ENDSARS Mass Burial: Nigeria’s mendacious morticians

ENDSARS Mass Burial

The recent discovery of 103 bodies in Lagos State shreds the government’s claims about the number of casualties from the EndSARS protests of 2020.

In October 2020,an unprecedented wave of protests swept across Nigeria. What began as a ripple from one man’s death at the hands of the police in Sapele, Delta State, soon swelled into a tidal wave of protests calling for reforms and even a revolution.

At the vanguard of the protests which hit Lagos and then Abuja with the force of knots were young people, long converted to practice targets in the police game of brutality.

Their demands were simple: that the notorious Special Anti-robbery squad unit of the police force be scrapped and the police which they perceived to be corrupt reformed. There were also calls for the government to straighten its ways.

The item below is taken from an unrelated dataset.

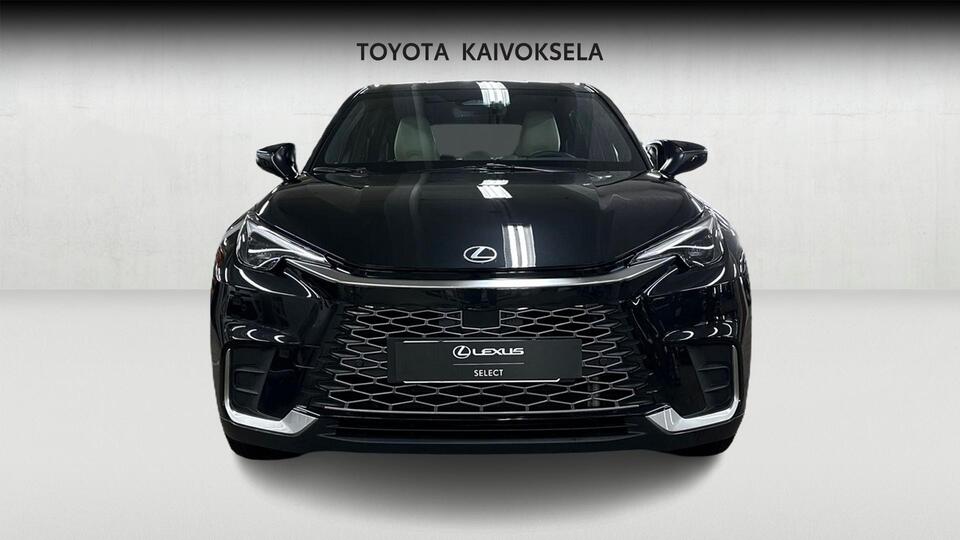 Lexus LBX vaihtoauto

Coming four years into the administration of Muhammadu Buhari who had given Nigerians very little reason to cheer, the government was rattled.

The protests were especially vociferous in Lagos. It was there that the Nigerian authorities chose to send a clear message.

On October 20, 2020, while protesters gathered at the Lekki Toll Gate, peacefully chanting the Nigerian anthem and waving Nigerian flags, the Lekki Concession Company switched off the lights. That was when a combined team of soldiers and police swooped on the protesters with deadly force.

The outrage over the massacre was global. The piercing report of the Lagos State Judicial Panel of Inquiry set up may have put the number of the victims of the massacre at 9, but for a long,Nigerians suspected it was much higher.

Those suspicions now appear to have been confirmed.

With this discovery, the biggest question is whether any  the Lagos State Government can be taken seriously on any further representation it makes on the  killings that happened under it’s watch in 2020.

As usual,it has resorted to the now familiar game of naming and blaming.First,it said the bodies were  not all from the Lekki Toll Gate before blaming the families of the dead for failing to claim their dead.

Since Nigeria returned to the pristine path of democracy in 1999, the country has faced grave challenges with the rule of law, especially in the aspect of accountability and respect for life and  democratic institutions.

Until 2020, the lack of accountability was for economic and financial crimes. However, Africa’s most populous country must now also count her dead and account for them because despite a staggering population of 217 million people, more than half of whom live in suffocating poverty, no one can be left behind or out.

An ominous sign is that while non-state actors many of whom have proliferated all over the country remain elusive, state actors who are always in the faces of Nigerians continue to commit crimes against innocent Nigerians and go unpunished.

In a country where impunity reigns supreme, with punishment for crimes only reserved for the poor, it is not surprising.

While the whole country has been turned into a momentary morgue by the discovery of the bodies, the issues which underpinned the protests in 2020 have yet to be as fully and forcefully addressed as would befit a country where the memories of victims matter as much as the lives of those who survived them.

The Lagos State Government has failed to cover itself in glory. It vigorously contested the findings of the Justice Dorothy Okuwobi-led panel of Inquiry. In the build-up to the 2023 governorship election in the state, Sanwo-Olu again sought to trivialize the memories of the EndSARS victims through sophistry. It was a humiliating failure.

It is a question of public trust. The government may have shown courage in empaneling an inquiry, but it has shown little dignity in the way and manner it conducted itself when the panel report was released.

As for Governor Babajide Sanwo-Olu, the question remains whether it was at his word that a combined team of killer soldiers and police men descended on innocent protesters who were only keen to air age-long grievances against a corrupt police force.

Now that the bodies have become public knowledge, the Lagos State government has blamed the victim’s families for abandoning them.

How much more callous can a state government be? A government that neither regards the living nor respect the dead is worse than no government at all.

Damages and compensation may have been doled out in the aftermath of the ENDSARS protests. But beyond peanuts offered to bolt the stable door long after the horse had escaped, there must be accountability in every state where a protester was killed in October 2020.

This accountability must begin from Lagos, the center of the mass atrocities committed against unarmed protesters whose only crime was protesting against corrupt security personnel.

Those who killed protesters, especially at the Lekki Toll Gate must be made to account for their sacrilegious attack on innocent Nigerian lives.

Unless this is done, the actions of parties like the Lagos State Government will continue to mock the dead and goad the living.